Are We Afraid of Freedom?

We all want to feel free. We want to make our own choices, dictate our schedules. We bristle at someone telling us where to be and when.

We rebel against the structure of the “9-5,” yet our world is still shaped around it.

The rat-race continues, generation after generation. We watch each new wave of graduates, in their new button-downs, dresses, and uncomfortable shoes, march toward the train, their backs beginning to shoulder the weight of adulthood.

As a mother, my throat tightens watching my older son take on these responsibilities. More than any other phase, this one is hard for me.

I know that to live, we must work; to make money and aim for financial security so we can afford the things that bring us joy. If we’re lucky, we find not just a job but a career, one that feels like an extension of who we are. I have been fortunate in that way.

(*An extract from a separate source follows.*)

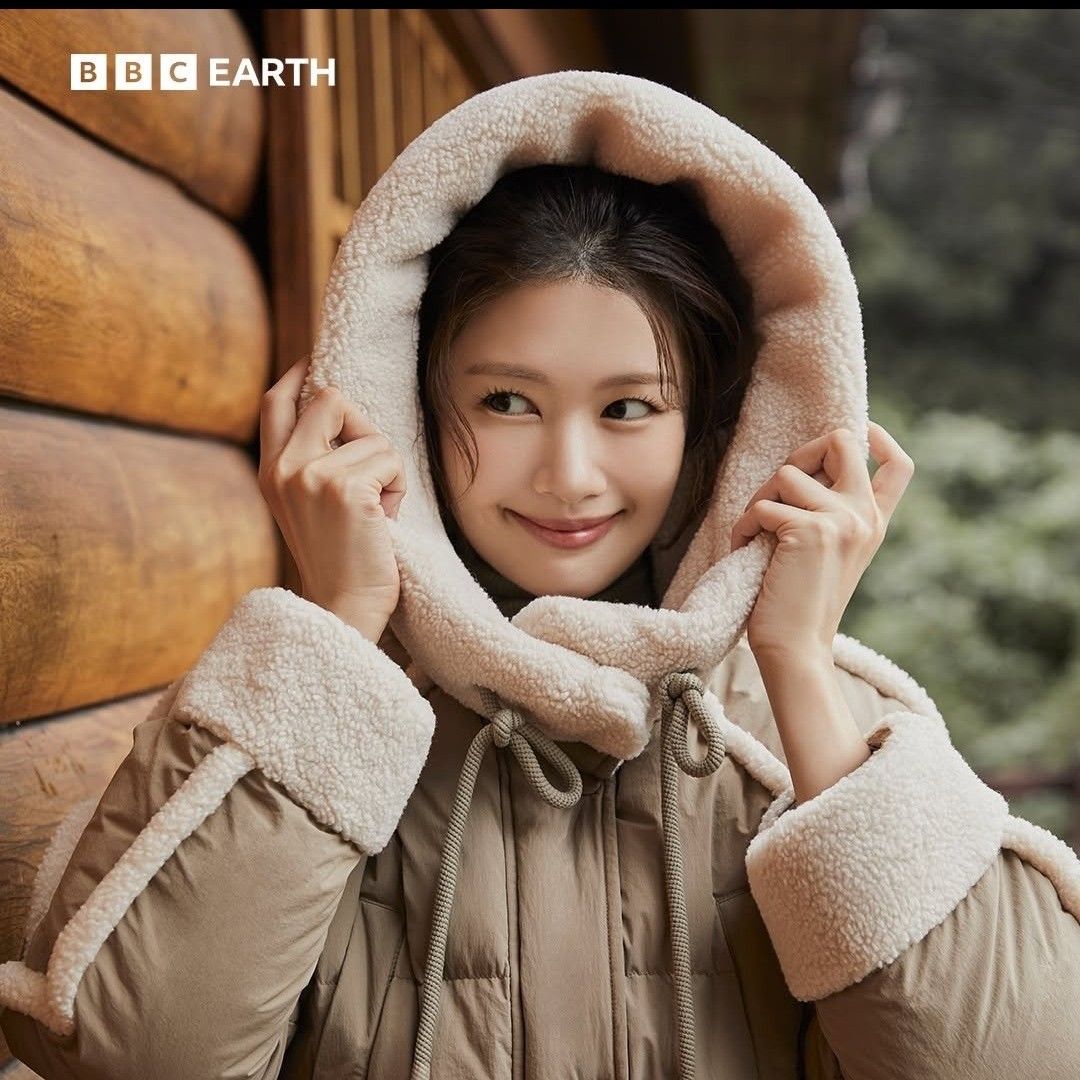 Behind-the-scenes cut of Jung Somin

But there is something about the permanence of it that feels daunting.

Once the engine starts, it’s nearly impossible to get off the train. The train leaves every morning, and you have to be on it, even when you’d rather spend the day in a world without button-downs, coffee, emails, and train schedules.

Yet, I can’t help but think that parts of us need this structure.

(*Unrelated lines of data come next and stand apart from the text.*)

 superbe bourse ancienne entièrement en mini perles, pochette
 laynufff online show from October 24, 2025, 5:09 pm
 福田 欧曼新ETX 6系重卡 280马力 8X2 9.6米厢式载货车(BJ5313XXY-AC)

Human beings crave freedom, but we flourish in order. As babies, we’re put on schedules: sleep, wake, eat, nap. As toddlers, we have meal and bedtime routines. When children act out, we sense they need containment. We hug them, swaddle them, give them a time-out, trying to intuit what they need to feel soothed and calm.

The flag flies because of the strength of the pole beneath it.

We often choose the most well-known path because we fear the unknown.

  • What if the unseen road leads to a cliff?

  • Or a dead end?

Even if we know it will lead somewhere, it’s unpredictable. Risky. But if we only choose safety, part of us will fall asleep. To flourish as adults, we need both: structure and freedom.

This weekend, I saw some of my oldest friends from childhood. We laughed for hours, trading war stories.

One friend mentioned a plan to fly to London for a long weekend and joked, “Who am I to do this?”

My thought was: You are you.

It’s okay to choose the train, the schedule, and the coffee. But it’s just as important to choose spontaneity and joy.

That’s what renews our sense of purpose. That’s what keeps us connected to the intuition and joy of our youth. When I dropped my son off at the train this morning, I felt grateful that his childhood isn’t over yet.

My hope is that he learns not only discipline and work ethic, but also the courage to take risks and challenge the status quo. 

That is what it means to be free.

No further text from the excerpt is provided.